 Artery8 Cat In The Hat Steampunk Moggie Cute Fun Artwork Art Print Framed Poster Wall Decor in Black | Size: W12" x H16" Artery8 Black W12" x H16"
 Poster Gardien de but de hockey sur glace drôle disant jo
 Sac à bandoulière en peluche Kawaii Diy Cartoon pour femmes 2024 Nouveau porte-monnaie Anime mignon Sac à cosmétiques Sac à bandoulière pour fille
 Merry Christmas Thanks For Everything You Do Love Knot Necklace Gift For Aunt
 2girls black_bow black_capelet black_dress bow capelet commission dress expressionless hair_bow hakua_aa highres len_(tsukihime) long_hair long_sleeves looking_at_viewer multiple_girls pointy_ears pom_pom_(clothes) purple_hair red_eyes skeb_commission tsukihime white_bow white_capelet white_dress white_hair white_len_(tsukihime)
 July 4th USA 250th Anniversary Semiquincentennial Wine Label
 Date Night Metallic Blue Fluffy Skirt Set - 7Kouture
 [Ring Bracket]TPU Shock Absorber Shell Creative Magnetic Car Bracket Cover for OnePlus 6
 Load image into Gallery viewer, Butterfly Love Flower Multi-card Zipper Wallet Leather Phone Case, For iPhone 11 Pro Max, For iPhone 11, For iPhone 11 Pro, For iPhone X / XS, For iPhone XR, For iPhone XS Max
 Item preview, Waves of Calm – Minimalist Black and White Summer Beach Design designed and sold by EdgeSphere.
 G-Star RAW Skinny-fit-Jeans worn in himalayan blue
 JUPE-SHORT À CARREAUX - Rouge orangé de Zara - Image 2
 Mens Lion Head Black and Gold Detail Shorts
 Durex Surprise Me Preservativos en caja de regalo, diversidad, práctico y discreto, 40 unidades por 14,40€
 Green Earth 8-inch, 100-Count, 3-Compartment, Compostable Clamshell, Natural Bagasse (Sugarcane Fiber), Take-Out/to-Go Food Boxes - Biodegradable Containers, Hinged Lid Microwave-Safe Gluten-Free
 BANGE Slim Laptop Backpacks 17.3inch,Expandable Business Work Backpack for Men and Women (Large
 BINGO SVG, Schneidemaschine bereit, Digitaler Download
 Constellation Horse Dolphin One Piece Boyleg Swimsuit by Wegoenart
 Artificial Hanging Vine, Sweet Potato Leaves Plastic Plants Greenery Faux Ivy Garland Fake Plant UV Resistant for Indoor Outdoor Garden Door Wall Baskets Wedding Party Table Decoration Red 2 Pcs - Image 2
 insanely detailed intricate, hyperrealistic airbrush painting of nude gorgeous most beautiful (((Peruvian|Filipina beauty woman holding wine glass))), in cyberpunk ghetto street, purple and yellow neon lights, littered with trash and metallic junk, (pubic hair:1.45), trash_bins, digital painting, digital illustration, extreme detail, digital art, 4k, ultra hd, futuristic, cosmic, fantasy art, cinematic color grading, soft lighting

※ ※ ※

All lines above in which the word "Love" occurs should be identified and copied.

 Merry Christmas Thanks For Everything You Do Love Knot Necklace Gift For Aunt
 Load image into Gallery viewer, Butterfly Love Flower Multi-card Zipper Wallet Leather Phone Case, For iPhone 11 Pro Max, For iPhone 11, For iPhone 11 Pro, For iPhone X / XS, For iPhone XR, For iPhone XS Max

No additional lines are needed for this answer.